Adversarial Motion Priors Make Good Substitutes for Complex Reward Functions
Alejandro Escontrela, Xue Bin Peng, Wenhao Yu, Tingnan Zhang, Atil Iscen, Ken Goldberg, Pieter Abbeel
Alejandro Escontrela, Xue Bin Peng, Wenhao Yu, Tingnan Zhang, Atil Iscen, Ken Goldberg, Pieter Abbeel
Video Overview
Training a high-dimensional simulated agent with an under-specified reward function often leads the agent to learn physically infeasible strategies that are ineffective when deployed in the real world. To mitigate these unnatural behaviors, reinforcement learning practitioners often utilize complex reward functions that encourage physically plausible behaviors. However, a tedious labor-intensive tuning process is often required to create hand-designed rewards which might not easily generalize across platforms and tasks. We propose substituting complex reward functions with "style rewards" learned from a dataset of motion capture demonstrations. A learned style reward can be combined with an arbitrary task reward to train policies that perform tasks using naturalistic strategies. These natural strategies can also facilitate transfer to the real world. We build upon Adversarial Motion Priors - an approach from the computer graphics domain that encodes a style reward from a dataset of reference motions - to demonstrate that an adversarial approach to training policies can produce behaviors that transfer to a real quadrupedal robot without requiring complex reward functions. We also demonstrate that an effective style reward can be learned from a few seconds of motion capture data gathered from a German Shepherd and leads to energy-efficient locomotion strategies with natural gait transitions.
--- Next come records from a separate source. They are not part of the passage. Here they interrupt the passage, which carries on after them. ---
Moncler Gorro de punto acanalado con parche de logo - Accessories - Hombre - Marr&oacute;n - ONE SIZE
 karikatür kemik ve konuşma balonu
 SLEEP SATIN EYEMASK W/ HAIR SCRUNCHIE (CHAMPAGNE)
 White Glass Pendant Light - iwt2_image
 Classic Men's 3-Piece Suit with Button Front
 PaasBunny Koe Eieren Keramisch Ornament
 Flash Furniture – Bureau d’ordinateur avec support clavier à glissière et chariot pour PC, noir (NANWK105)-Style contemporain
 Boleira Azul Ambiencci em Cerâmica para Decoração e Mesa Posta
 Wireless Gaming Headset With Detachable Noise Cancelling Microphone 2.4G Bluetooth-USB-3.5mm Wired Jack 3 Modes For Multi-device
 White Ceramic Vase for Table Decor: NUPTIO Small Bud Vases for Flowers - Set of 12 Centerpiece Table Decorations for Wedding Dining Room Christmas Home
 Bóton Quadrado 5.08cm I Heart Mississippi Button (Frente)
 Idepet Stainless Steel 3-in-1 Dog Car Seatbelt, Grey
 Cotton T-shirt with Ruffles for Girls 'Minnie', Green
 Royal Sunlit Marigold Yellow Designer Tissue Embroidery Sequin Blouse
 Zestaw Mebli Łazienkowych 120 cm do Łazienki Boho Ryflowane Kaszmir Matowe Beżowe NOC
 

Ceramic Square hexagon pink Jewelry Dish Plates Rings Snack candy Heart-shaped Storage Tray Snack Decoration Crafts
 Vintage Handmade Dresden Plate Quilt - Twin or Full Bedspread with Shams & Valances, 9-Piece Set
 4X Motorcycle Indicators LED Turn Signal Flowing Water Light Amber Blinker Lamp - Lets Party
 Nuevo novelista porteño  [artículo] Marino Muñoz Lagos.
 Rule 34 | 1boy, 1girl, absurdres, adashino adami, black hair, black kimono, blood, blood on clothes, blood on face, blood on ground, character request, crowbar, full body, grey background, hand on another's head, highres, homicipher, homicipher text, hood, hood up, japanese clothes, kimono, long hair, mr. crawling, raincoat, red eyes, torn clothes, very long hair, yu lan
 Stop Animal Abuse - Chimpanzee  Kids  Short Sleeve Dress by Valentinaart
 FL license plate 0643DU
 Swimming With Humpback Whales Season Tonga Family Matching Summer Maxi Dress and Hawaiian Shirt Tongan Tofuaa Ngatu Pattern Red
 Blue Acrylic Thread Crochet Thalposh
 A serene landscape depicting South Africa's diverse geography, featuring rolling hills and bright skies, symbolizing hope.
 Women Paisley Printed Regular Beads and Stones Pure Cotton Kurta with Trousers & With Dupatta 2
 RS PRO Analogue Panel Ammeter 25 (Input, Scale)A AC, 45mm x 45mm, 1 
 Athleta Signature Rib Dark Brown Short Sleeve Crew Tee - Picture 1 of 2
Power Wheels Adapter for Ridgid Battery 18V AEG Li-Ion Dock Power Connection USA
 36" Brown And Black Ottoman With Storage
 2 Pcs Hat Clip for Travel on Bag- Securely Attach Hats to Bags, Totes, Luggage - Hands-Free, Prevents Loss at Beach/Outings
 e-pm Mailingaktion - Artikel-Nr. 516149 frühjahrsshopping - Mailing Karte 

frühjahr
The discriminator component of AMP can even be trained using "fake" animator data created using popular VFX software such as Blender.
By integrating the motion priors found in the data, AMP policies learn to achieve agile maneuvers such as high-speed canter motions.
Same canter motion played in realtime. Note this canter motion achieves a top speed of 2m/s.
We estimate the Cost of Transport (COT) for a policy trained using Adversarial Motion Priors. COT is a dimensionless quantity commonly used in the field of legged locomotion, as it allows for energy-efficiency comparisons of dissimilar robots or controllers. We utilize the COT to measure the efficiency of different baselines at different speeds.
A policy trained using AMP successfully tracks the desired forward velocity commands while exhibiting a lower COT than competing baselines (see paper). The energy efficiency of policies trained with AMP can likely be attributed to the policy extracting energy-efficient motion priors from the reference data. Millions of years of evolution has endowed dogs with energy-efficient locomotion behaviors. Training with AMP enables the policy to extract some of these energy-efficient strategies from the data. Additionally, animals often perform gait transitions when undergoing large changes in velocity, lowering the cost of transport across different speeds. The same principle applies to policies trained using AMP. The below figure demonstrates the robot transitioning from a pacing motion to a canter motion when the desired velocity jumps from 1 m/s to 2 m/s. While pacing is the optimal gait at low speeds, entering a canter motion with a flight phase is a more energy-efficient option at high speeds.
Complex reward functions with tens of terms or custom action spaces are normally used to ensure that policies transfer from simulation to reality. The terms in the complex reward function are often used to disincentivize the policy from learning behaviors which exploit the inaccurate simulation dynamics or are inefficient. While policies trained in this manner transfer to hardware, it is often tedious to hand-design giant reward functions and weight their individual components. Additionally, these hand-designed reward functions are often platform-dependent and don't work well across all tasks. Alternatively, researchers have explored defining custom action spaces such as trajectory generators. These hand-defined action spaces prevent the robot from learning undesired behaviors, but often limit the performance of the resulting policy and require significant engineering effort to develop. Adversarial Motion Priors provide a promising alternative to these approaches. Using a small amount of reference data, we can learn a style reward that encourages the agent to learn efficient and aesthetically pleasing behaviors with minimal engineering effort.
Informal race between Fu et al.* (left) and AMP Policy (right)
A user can use a joystick policy to provide the policy with command velocities. The AMP controller produces precise behaviors which enable the robot to navigate a course with tight turns.
AMP policy performing a figure eight maneuver, which requires interpolating within a range of angular velocities.